4am ‘clown show’ to instant icon: How F1 almost ate itself whole in Vegas… and still won   


It’s 8:38pm on Thursday 16 November 2023 in Las Vegas, and Formula 1’s world is crashing down.

Carlos Sainz has just run over a water valve cover whose concrete fastening had failed, his Ferrari sucking it out of the ground with the immense downforce generated by its underside.

The heavy iron disc rips through the car, obliterating the floor, chassis and engine. The Spaniard pulls to the side of the road, lucky that the cockpit had been out of the firing line.

F1 LAS VEGAS SUNDAY 5PM AEDT | Who will cash in, in Sin City? Watch every lap LIVE in 4K on Kayo. New to Kayo? Get your first month for just $1. Limited time offer.

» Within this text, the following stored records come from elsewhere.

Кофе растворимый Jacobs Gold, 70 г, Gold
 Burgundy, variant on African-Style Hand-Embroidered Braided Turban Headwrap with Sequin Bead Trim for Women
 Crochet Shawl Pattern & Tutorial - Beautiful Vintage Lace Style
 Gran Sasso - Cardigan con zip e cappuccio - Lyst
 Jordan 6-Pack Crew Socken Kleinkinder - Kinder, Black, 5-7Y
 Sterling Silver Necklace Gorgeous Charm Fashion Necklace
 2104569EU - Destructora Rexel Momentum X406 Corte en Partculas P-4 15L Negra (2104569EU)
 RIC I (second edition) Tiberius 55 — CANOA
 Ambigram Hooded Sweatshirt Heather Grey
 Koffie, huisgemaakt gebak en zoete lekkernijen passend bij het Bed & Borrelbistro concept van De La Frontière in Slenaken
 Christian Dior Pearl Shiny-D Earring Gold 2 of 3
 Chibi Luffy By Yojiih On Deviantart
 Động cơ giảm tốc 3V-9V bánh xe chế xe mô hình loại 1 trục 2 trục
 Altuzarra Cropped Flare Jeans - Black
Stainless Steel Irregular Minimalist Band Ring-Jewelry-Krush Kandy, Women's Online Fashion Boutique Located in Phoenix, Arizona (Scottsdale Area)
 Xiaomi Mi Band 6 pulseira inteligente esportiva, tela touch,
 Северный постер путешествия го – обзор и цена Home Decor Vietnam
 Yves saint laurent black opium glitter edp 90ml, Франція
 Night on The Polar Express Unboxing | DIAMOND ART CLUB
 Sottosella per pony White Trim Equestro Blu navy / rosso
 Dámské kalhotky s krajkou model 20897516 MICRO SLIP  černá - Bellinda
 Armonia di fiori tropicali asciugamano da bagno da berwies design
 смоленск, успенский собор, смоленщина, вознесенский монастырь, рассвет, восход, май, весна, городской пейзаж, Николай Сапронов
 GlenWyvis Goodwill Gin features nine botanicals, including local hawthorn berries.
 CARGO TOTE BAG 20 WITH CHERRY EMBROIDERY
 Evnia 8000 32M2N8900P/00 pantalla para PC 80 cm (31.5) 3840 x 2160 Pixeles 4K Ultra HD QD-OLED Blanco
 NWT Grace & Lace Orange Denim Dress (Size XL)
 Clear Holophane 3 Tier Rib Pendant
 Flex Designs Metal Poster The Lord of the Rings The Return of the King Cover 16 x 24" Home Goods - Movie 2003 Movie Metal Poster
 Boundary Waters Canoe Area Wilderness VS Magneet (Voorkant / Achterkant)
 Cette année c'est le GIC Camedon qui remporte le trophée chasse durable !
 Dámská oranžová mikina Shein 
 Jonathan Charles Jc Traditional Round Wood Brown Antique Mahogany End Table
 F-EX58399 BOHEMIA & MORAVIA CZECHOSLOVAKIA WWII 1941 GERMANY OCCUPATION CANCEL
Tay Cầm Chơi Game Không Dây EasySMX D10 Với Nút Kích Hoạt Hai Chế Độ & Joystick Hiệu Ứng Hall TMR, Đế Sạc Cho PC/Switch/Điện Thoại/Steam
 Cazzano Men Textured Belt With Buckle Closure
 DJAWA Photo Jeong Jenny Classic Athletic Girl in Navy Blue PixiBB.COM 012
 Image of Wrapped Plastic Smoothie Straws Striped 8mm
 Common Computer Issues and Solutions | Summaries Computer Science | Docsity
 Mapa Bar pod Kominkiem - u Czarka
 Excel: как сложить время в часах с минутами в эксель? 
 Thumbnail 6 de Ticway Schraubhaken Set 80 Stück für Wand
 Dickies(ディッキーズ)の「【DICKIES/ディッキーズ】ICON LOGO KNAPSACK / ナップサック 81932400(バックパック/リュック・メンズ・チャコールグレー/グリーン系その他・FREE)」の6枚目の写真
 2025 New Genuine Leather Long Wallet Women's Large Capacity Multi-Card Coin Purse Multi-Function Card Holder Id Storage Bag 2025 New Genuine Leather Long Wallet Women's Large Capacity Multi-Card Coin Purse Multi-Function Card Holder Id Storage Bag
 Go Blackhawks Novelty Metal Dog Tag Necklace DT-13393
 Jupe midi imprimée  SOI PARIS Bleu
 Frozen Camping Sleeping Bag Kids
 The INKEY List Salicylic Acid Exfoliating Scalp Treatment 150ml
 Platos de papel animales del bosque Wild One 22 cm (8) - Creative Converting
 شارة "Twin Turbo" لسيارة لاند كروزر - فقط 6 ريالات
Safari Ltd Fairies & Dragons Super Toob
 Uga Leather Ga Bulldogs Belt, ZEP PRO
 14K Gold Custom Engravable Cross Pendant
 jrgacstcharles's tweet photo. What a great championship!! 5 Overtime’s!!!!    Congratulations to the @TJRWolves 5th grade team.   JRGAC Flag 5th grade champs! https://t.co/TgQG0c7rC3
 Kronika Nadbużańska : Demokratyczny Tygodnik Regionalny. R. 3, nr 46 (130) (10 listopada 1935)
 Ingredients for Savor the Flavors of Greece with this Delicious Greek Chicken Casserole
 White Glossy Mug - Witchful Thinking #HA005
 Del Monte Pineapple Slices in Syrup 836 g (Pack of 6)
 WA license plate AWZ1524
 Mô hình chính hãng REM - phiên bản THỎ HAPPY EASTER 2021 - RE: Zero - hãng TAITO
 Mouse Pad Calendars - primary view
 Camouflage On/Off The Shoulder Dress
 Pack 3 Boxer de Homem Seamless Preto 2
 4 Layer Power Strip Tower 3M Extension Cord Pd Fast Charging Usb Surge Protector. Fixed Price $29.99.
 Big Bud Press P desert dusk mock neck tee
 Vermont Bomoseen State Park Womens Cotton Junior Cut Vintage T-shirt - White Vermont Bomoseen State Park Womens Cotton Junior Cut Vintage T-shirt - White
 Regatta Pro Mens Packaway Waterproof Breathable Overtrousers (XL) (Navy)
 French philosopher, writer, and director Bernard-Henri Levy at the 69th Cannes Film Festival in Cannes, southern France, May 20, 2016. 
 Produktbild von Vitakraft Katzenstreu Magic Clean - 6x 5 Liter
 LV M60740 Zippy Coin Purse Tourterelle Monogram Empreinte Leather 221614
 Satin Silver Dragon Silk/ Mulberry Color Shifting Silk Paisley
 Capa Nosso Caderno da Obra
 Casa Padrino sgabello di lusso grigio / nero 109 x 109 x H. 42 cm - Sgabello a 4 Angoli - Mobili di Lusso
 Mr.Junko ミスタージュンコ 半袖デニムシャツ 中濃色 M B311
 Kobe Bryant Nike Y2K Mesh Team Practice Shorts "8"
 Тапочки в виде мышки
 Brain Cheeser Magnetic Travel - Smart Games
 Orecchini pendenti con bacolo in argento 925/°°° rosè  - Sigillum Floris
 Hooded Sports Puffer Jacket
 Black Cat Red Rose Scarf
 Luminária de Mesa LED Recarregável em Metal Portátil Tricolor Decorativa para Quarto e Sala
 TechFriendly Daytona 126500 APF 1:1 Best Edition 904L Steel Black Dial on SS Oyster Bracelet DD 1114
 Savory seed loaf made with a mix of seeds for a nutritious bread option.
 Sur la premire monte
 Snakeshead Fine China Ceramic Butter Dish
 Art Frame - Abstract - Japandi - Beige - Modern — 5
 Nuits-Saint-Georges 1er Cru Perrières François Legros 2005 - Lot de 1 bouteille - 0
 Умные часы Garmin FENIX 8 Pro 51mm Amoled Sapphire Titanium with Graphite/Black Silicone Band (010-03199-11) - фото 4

The first practice session is red flagged and eventually called off, and remarkably things get only worse from there.

Second practice is delayed until the unhinged time of 2:30am to allow engineers to inspect and secure every drain cover around the 6.2-kilometre circuit.

Fans are sent home long before running resumed, however, with F1 realising too late that security staff had reached their maximum shift lengths.

After widespread criticism over an astounding lack of communication, F1 offers Thursday-only ticketholders merchandise vouchers but refuses to apologise.

The sorry saga is the subject of a class action before the US District Court of Nevada, where Liberty Media is attempting to have the case dismissed.

Manhole cover wreaks havoc in Vegas | 00:18

Formula 1 had ploughed more than $1 billion into setting up the Las Vegas Grand Prix, and suddenly it was left scrambling to salvage a weekend that had almost immediately flown off the rails.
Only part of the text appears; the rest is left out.